[Start of Attachment]

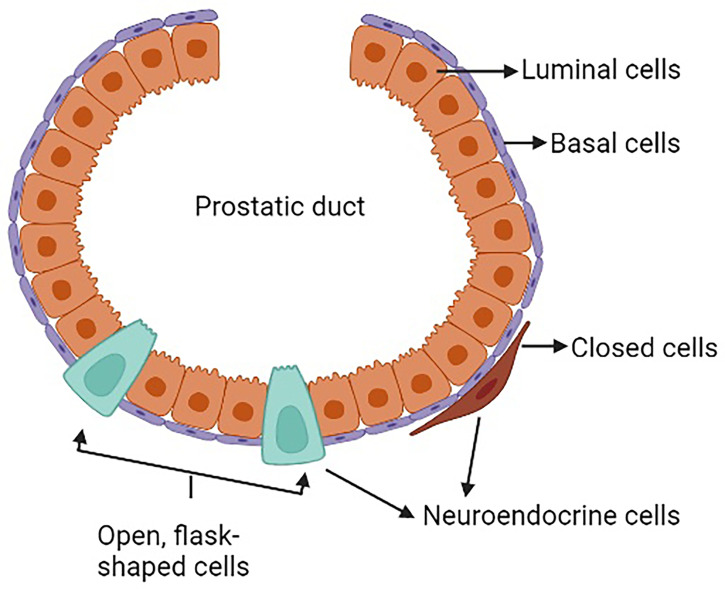 Figure 1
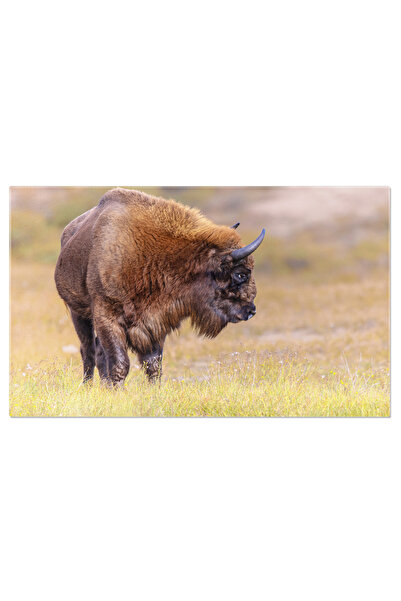 StoryGift Romania Tablou Canvas Cu Bison European - Mammifere In Padure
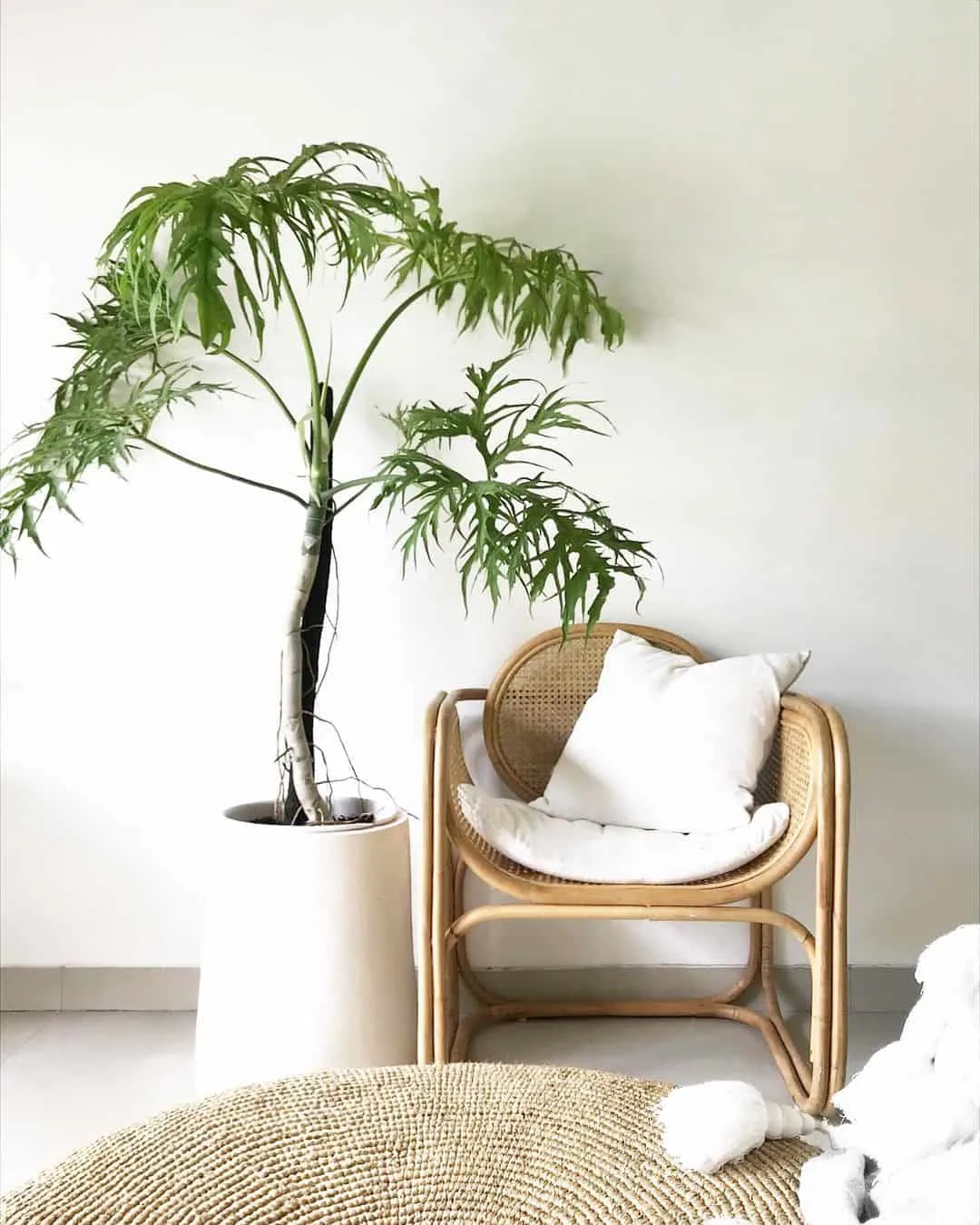 big Philodendron Warscewiczii and chair with white wall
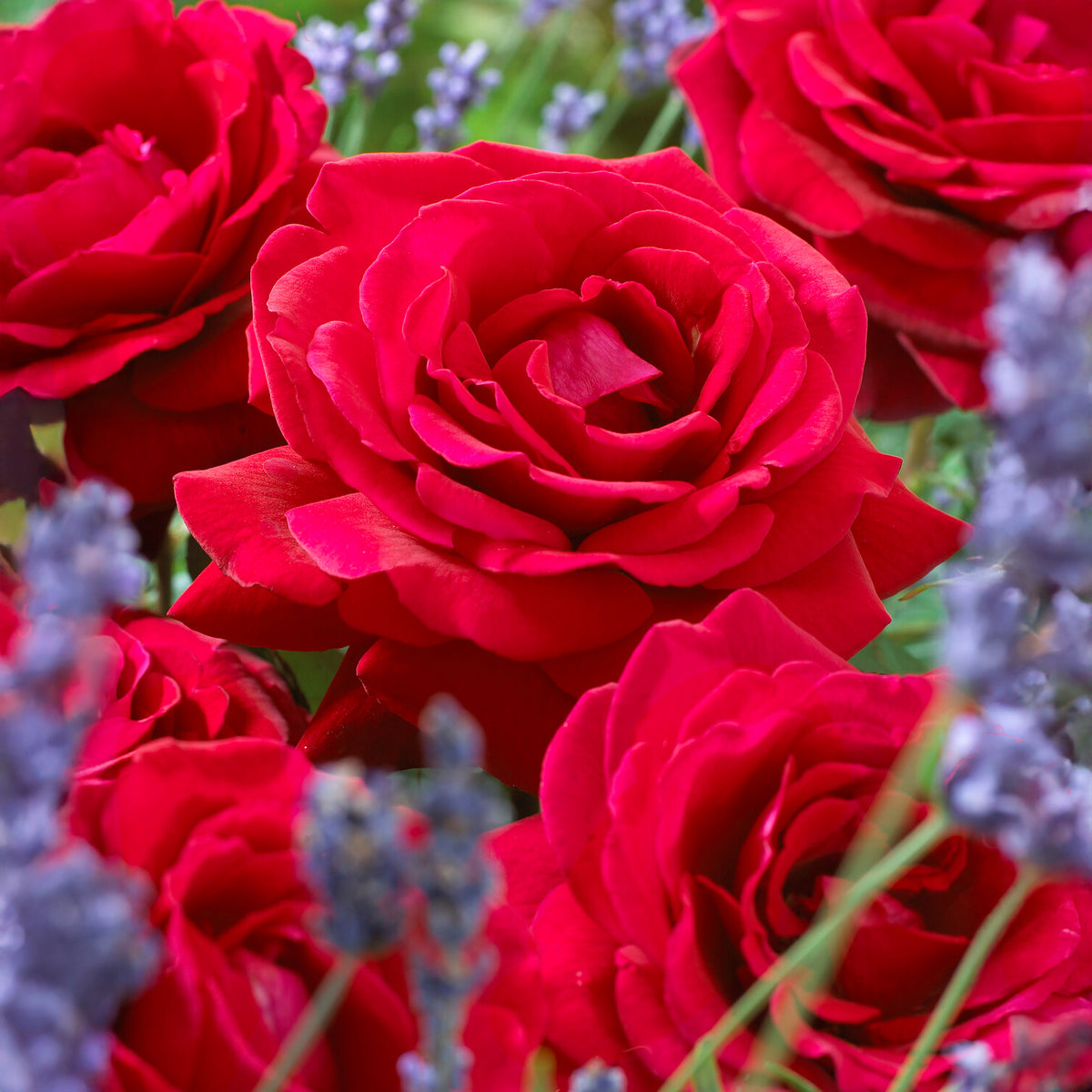 Rosier buisson La Magie du parfum - Duftzauber 84 - Rosa la magie du parfum - Willemse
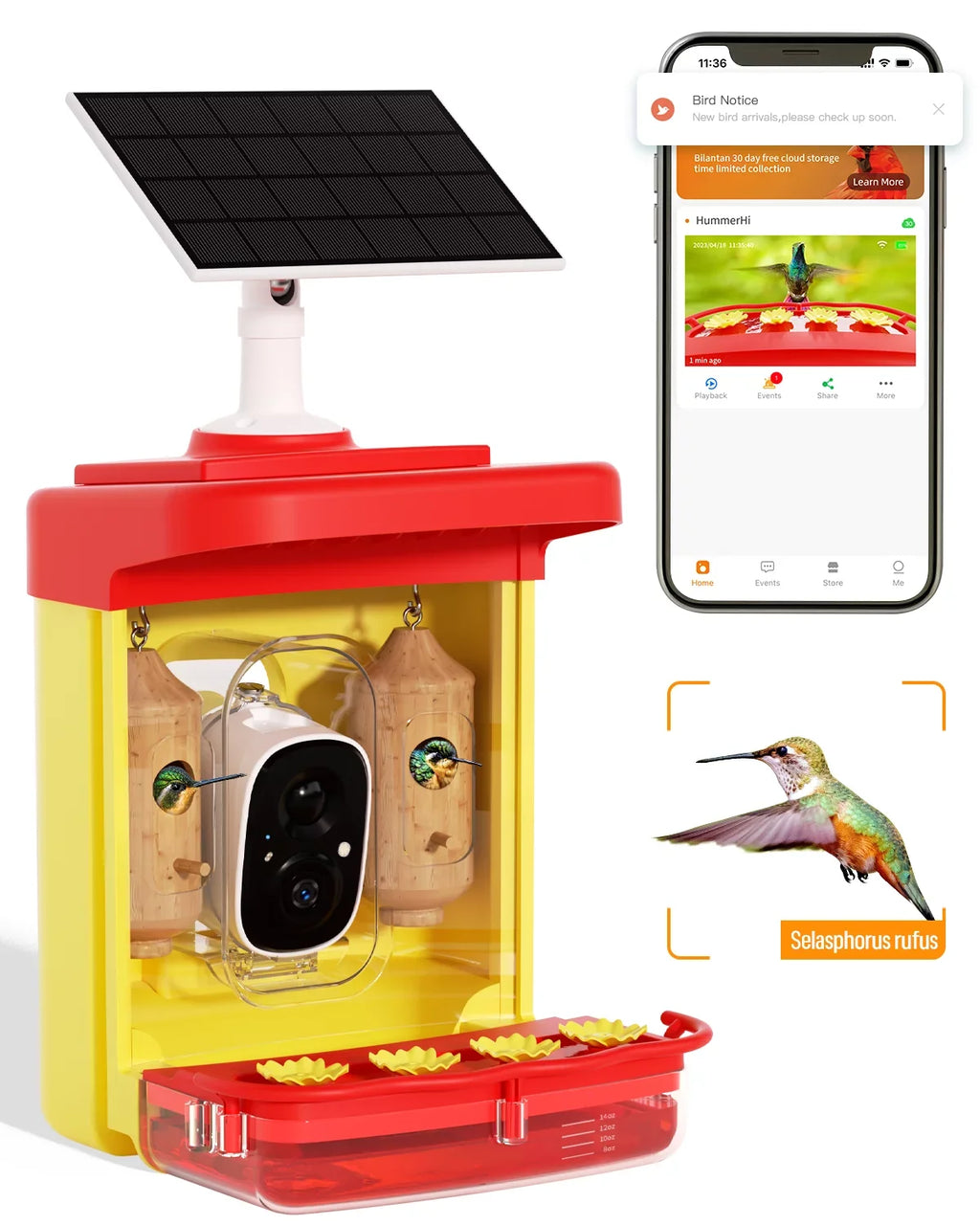 Hummingbird Feeder with Camera for Outdoor Hummingbird Smart Bird Feeder Camera Auto-Video Capture,Birdwatching Up-Close,AI Identify 350+ Species, 2 Wooden House, Attract More Hummingbird Unique Gift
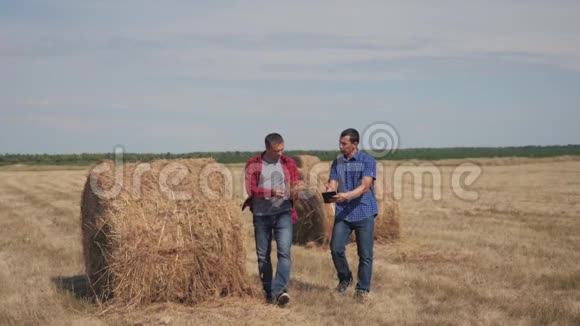 团队农业智慧农业理念两名男工农民在数字平板电脑上走在田里的干草堆上视频的预览图
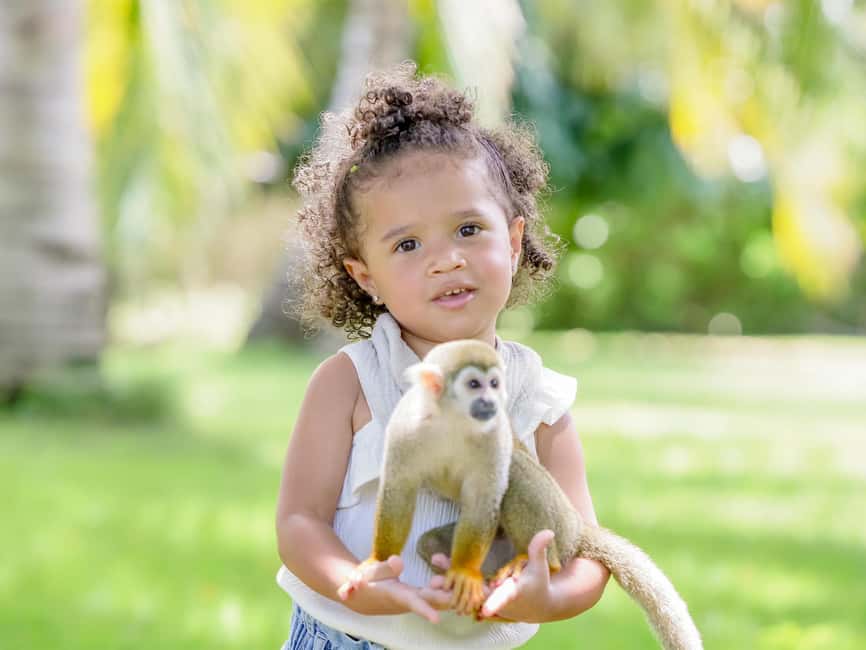 Punta Cana: Tour Monkey Adventure With Hotel Pick Up - Bottle-Feeding the Baby Monkey: The Tender Moment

[End of Attachment]

Goal of the exercise:
Skip the pictures. Please copy exactly the lines from the one with "Hummingbird Feeder with" through the final line of the material above, both ends included.

Your solution:
 Hummingbird Feeder with Camera for Outdoor Hummingbird Smart Bird Feeder Camera Auto-Video Capture,Birdwatching Up-Close,AI Identify 350+ Species, 2 Wooden House, Attract More Hummingbird Unique Gift
 团队农业智慧农业理念两名男工农民在数字平板电脑上走在田里的干草堆上视频的预览图
 Punta Cana: Tour Monkey Adventure With Hotel Pick Up - Bottle-Feeding the Baby Monkey: The Tender Moment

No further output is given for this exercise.